→ Available data:

● ● ● ● ● ● ●

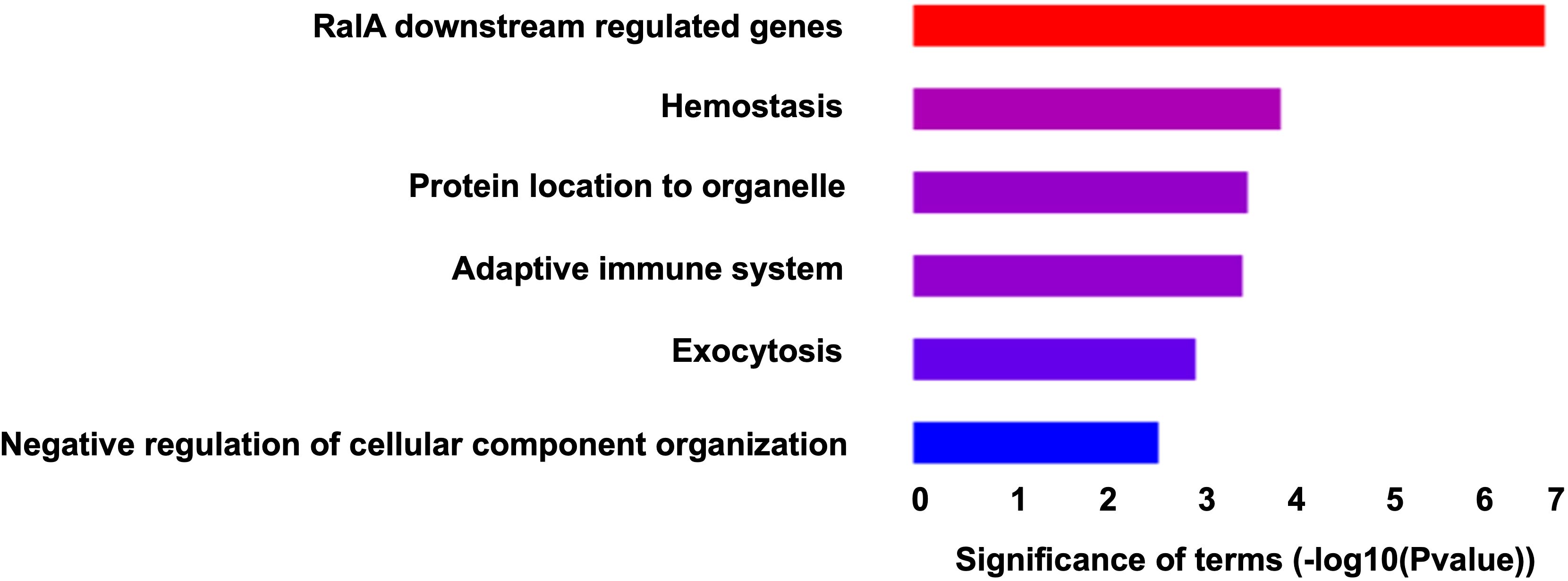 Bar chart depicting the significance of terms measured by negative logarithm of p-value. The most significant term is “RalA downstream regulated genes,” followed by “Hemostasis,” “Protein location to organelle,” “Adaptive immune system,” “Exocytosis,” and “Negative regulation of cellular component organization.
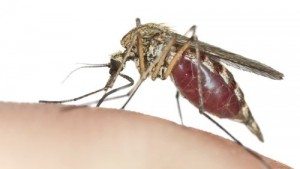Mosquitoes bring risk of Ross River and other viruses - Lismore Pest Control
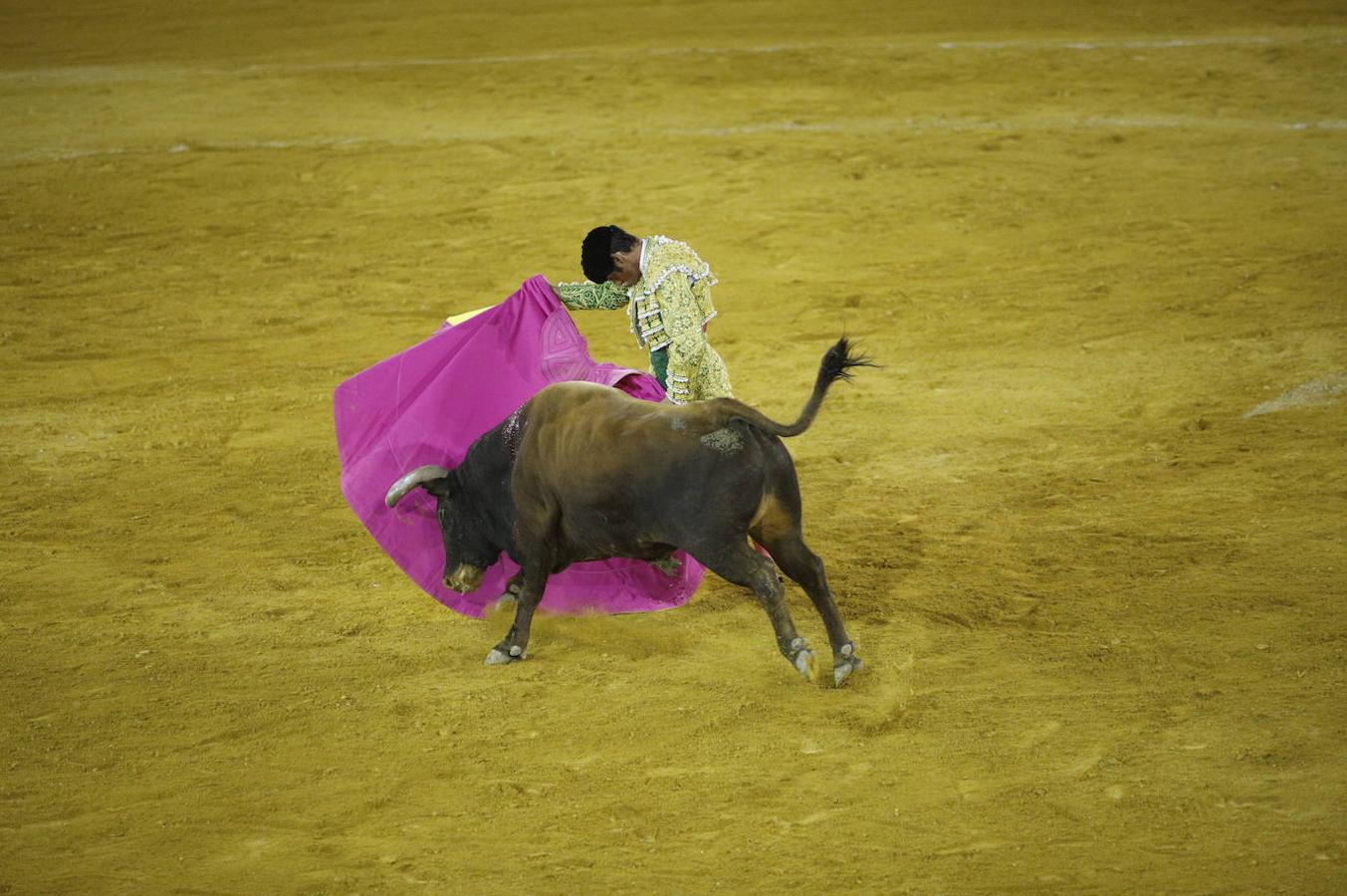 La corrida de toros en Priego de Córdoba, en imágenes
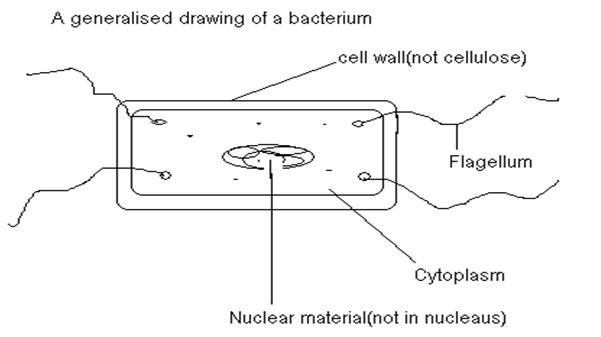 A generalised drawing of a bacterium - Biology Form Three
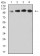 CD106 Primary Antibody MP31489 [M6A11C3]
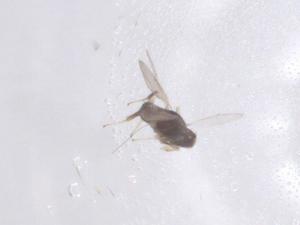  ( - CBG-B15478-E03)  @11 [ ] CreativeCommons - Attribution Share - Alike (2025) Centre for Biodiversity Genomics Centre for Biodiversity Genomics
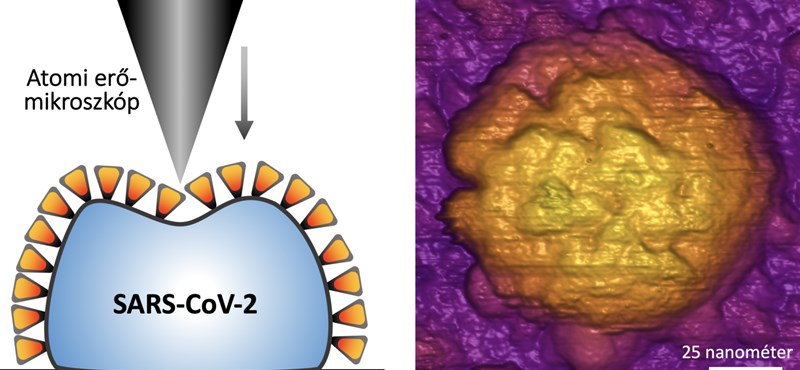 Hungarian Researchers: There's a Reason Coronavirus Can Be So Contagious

● ● ● ● ● ● ●

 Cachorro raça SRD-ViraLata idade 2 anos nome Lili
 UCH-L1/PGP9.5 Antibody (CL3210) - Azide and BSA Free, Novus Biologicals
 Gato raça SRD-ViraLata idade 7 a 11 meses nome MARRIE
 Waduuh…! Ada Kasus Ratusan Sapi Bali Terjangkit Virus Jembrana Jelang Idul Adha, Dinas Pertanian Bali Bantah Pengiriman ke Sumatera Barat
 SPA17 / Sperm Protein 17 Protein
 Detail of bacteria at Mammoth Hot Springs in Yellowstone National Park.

● ● ● ● ● ● ●

→ Task to complete: What is the number of lines in the listing that hold the word "nome"? Say only that number.

→ Answer area: 2